What the Ground Remembers brings together Devon-based artists Steve Thorpe, Kate Lyons Miller and Paul Devon Young in an exhibition centered on process, material, and the earth beneath our feet.
The three artists are united through creative process. Each begins with materials gathered directly from the local landscape: stone is ground into pigment, clay dug and refined by hand, minerals collected from paths, hills, and coastline. Their practices are physical, deliberate, and deeply rooted in the ground, transforming raw matter through hands-on processes that are as much about attention and time as they are about craft.
By focusing on how the artists work, the exhibition highlights the active relationship between people and the land they move across. Grinding, digging, carrying, and containing become acts of engagement. Together, the artists reveal how material shapes process, and how process shapes understanding of the earth.
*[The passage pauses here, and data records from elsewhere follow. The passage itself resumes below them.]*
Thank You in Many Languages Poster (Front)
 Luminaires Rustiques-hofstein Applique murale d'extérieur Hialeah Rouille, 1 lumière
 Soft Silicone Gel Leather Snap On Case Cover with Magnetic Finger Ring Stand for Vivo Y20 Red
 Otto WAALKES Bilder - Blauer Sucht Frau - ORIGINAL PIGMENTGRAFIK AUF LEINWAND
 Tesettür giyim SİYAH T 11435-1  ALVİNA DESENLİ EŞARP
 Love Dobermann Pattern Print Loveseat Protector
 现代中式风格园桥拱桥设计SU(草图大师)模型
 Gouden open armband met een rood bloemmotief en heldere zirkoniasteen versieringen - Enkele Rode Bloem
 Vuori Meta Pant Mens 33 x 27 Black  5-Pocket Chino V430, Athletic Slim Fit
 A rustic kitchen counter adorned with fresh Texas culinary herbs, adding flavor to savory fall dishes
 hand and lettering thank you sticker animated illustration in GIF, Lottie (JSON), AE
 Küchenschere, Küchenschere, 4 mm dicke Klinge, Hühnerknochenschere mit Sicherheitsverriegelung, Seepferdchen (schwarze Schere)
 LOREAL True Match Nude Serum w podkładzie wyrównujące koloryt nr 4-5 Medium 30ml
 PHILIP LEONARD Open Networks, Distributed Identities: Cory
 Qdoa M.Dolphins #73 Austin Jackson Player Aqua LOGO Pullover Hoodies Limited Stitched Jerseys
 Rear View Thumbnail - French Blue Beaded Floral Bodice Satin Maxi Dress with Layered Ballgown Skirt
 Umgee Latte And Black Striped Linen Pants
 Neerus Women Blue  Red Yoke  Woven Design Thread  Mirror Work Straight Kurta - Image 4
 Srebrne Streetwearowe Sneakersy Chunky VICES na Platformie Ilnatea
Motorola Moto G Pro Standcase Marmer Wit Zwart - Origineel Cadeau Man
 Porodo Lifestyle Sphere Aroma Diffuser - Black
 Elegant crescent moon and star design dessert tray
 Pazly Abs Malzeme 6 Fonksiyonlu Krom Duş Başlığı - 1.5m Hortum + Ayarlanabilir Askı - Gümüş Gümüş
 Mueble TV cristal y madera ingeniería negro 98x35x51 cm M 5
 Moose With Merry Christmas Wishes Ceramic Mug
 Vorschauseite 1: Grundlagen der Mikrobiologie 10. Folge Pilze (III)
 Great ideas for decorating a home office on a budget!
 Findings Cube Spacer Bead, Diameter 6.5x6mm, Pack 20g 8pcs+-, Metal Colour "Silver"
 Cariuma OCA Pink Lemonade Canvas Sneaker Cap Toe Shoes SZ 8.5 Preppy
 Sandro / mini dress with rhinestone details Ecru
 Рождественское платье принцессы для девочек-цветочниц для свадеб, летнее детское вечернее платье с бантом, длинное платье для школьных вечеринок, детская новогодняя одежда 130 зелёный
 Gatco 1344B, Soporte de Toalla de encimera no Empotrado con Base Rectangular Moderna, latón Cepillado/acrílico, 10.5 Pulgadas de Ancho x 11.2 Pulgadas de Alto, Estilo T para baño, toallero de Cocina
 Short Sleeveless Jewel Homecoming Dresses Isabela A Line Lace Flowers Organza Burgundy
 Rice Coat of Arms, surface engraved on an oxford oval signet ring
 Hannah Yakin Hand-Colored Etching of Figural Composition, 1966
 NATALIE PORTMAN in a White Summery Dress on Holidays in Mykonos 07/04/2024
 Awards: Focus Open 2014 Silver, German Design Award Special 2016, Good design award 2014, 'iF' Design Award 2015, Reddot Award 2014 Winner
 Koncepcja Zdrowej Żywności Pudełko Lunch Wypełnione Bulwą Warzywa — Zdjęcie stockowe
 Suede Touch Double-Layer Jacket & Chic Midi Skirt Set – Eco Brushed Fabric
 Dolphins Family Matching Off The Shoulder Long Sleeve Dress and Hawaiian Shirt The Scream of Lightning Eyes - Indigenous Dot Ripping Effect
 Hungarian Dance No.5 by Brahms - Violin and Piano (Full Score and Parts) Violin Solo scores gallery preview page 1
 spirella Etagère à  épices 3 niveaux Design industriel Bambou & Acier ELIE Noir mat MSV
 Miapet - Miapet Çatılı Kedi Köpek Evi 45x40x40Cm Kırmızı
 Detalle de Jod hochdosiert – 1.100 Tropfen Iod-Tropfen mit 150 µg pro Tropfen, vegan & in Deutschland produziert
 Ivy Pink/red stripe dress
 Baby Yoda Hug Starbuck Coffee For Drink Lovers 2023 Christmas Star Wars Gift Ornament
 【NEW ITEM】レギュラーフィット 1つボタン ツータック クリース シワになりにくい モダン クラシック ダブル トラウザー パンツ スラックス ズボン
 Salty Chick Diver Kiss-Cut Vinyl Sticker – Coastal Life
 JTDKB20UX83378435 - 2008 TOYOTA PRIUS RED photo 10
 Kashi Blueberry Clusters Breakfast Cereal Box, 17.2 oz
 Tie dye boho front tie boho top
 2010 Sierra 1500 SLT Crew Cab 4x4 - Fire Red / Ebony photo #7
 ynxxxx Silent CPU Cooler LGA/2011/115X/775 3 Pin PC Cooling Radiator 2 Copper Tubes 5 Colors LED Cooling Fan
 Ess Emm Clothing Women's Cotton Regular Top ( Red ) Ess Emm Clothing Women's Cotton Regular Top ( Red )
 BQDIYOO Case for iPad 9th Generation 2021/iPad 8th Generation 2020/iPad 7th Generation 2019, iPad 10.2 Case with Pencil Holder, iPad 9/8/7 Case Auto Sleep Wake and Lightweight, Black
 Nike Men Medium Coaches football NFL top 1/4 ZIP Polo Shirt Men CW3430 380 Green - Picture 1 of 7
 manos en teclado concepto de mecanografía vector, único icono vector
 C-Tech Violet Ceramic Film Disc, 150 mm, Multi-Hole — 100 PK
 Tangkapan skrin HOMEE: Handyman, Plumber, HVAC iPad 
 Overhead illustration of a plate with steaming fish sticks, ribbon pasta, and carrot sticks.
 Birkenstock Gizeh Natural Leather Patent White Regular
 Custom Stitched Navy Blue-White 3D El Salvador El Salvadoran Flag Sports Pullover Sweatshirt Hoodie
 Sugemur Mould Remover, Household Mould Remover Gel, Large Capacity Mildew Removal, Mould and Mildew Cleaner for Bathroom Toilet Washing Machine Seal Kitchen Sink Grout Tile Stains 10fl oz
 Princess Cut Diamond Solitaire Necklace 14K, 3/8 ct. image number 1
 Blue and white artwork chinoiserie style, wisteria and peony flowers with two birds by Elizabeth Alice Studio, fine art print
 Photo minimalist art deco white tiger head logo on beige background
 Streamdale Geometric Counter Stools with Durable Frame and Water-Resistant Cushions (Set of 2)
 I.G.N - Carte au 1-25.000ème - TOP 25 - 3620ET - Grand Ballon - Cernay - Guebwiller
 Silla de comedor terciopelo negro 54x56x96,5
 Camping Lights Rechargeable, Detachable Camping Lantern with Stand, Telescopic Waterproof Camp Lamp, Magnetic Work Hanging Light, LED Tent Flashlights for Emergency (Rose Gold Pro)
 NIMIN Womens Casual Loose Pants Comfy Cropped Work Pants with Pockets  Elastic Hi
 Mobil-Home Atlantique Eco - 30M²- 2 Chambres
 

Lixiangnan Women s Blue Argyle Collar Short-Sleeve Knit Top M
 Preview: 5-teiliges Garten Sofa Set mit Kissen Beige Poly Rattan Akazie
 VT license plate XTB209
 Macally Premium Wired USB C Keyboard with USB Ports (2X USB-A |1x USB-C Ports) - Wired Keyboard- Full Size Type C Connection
At the heart of the exhibition is an attention to earth as something ancient and enduring, material formed over unimaginable spans of time, shaped by pressure, heat, and movement long before human presence. In working directly with stone, clay, and mineral, the artists bring us into contact with these deep histories. The works suggest that the ground itself carries memory: that rock holds its own story of formation and change. Set against such vast timescales, human gestures appear brief and fragile, yet also connective - small acts of touch within a much larger span of time and space.
In a world increasingly experienced through screens, What the Ground Remembers invites visitors to slow down, consider how materials are worked, and encounter the grounding simplicity of attention, touch, and soil.
Entry is free. Green Hill Arts is open 10:00 am – 4:00 pm, Wednesday to Saturday. The gallery is located at the top of Fore Street, Moretonhampstead, near the Parish Church. Parking is available in Court Street and Station Road car parks.